生協(生活クラブ)と歩んできた30年の歴史が、タイヘイを独特な立ち位置にしているように感じるのです。生協から求められるのは安心安全に加えて品質。そこに量産という相反するような要素を加えつつ試行錯誤してきた歴史があります。
「昔は四斗樽を担げることが入社条件だったんですよ!」と、今でいう「手づくり」の醤油づくりから、少しずつ機械が導入されていく変遷を身をもって体験してきたそうです。だからこそ、確固とした醤油づくりの持論が・・・。
機械を操作することが仕事じゃない!
こう話す伊橋工場長が印象的でした。「機械の操作が仕事になっちゃいけないと思うんですよ。特に麹の担当者は意識をしないと機械のボタンを押しているだけでできてしまう。これでは絶対にダメだと思うんです。」
「だから、必ず麹を食べてくれと言ってあります。」自分たちが手掛けているものが良いのか悪いのか、その判断ができる感覚を磨かなくてはいけない。五感を全てつかって醤油と向き合わないといけないというわけです。
こだわりの桶が一本
薄暗く静まり返る蔵の中に一本だけ特別な桶があります。創業125周年の記念の年からはじまった一本だけの特別な仕込み。一年に一度だけ桶一本だけの醤油で、これだけが「平左衛門」と呼ばれています。
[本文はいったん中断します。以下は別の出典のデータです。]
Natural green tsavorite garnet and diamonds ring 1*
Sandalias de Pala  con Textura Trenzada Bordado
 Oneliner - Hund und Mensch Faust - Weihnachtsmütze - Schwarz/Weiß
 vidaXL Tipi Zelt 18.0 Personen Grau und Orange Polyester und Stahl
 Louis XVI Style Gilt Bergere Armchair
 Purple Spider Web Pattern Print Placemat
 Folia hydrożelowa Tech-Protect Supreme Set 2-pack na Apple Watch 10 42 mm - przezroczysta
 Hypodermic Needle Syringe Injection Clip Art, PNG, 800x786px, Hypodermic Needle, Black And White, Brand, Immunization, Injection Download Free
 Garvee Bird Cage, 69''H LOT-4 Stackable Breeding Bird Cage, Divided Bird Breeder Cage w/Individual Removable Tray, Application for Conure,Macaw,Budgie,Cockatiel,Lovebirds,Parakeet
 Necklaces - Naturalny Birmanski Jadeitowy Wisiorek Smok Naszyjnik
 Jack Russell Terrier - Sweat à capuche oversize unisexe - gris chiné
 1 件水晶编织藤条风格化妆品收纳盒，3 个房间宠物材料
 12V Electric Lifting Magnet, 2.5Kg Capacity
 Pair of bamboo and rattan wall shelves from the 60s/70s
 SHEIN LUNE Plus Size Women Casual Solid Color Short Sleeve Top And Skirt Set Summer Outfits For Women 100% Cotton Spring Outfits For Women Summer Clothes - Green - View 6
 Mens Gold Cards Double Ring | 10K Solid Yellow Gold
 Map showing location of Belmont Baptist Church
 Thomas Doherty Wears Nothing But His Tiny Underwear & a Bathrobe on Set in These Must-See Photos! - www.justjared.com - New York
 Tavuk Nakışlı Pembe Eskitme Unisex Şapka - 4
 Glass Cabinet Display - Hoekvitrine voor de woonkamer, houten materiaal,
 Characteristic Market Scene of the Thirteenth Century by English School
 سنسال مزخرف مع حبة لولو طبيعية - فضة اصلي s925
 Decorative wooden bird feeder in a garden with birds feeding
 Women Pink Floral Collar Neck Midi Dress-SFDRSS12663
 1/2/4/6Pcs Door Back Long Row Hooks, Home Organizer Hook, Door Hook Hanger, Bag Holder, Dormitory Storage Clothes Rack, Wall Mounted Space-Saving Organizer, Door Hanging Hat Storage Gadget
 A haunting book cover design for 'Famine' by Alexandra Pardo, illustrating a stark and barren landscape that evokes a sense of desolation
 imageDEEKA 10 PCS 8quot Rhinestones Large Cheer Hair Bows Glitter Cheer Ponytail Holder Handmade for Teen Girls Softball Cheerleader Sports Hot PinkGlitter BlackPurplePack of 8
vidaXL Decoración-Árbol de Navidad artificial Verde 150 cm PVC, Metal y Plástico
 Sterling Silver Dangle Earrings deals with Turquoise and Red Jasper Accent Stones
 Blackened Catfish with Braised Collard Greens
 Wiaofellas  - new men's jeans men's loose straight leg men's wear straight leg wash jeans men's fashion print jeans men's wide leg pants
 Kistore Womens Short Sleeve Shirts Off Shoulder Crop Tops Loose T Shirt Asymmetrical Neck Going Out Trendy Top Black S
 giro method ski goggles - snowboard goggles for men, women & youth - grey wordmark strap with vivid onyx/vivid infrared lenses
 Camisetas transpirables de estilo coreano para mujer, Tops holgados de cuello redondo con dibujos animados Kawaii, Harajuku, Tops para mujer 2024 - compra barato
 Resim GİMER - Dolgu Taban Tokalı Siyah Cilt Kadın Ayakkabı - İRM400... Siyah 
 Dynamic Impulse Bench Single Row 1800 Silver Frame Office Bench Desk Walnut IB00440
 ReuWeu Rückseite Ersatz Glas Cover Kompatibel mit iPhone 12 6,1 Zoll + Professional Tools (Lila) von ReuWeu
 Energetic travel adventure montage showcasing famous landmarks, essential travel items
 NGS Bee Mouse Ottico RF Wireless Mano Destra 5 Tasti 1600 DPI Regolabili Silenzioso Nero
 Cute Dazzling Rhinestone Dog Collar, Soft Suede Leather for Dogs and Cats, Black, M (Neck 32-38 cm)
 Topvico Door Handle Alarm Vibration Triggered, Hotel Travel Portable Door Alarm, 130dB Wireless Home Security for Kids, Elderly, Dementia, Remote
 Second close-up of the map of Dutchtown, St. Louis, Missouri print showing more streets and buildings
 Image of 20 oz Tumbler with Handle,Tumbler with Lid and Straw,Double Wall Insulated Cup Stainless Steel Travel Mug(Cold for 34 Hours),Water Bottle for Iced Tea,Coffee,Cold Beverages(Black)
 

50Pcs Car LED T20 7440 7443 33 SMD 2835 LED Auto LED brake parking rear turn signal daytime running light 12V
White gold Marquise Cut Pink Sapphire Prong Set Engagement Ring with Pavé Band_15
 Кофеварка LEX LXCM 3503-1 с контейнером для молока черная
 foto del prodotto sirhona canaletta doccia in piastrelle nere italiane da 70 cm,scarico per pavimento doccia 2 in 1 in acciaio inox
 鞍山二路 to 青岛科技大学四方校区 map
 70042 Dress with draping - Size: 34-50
「多く流通している醤油は香ばしい香りが重視されていると思いますが、それとは一線を画す立ち位置にしたいんです。」原料も製法も全部こだわろうと、山形県産の大豆、北海道産の小麦、長崎県産の塩「海水塩」を使って、圧力をかけない搾りである「自然垂れ」のみを使用。火入れも極力低温。透き通る赤褐色とうま味とのバランスは見事です。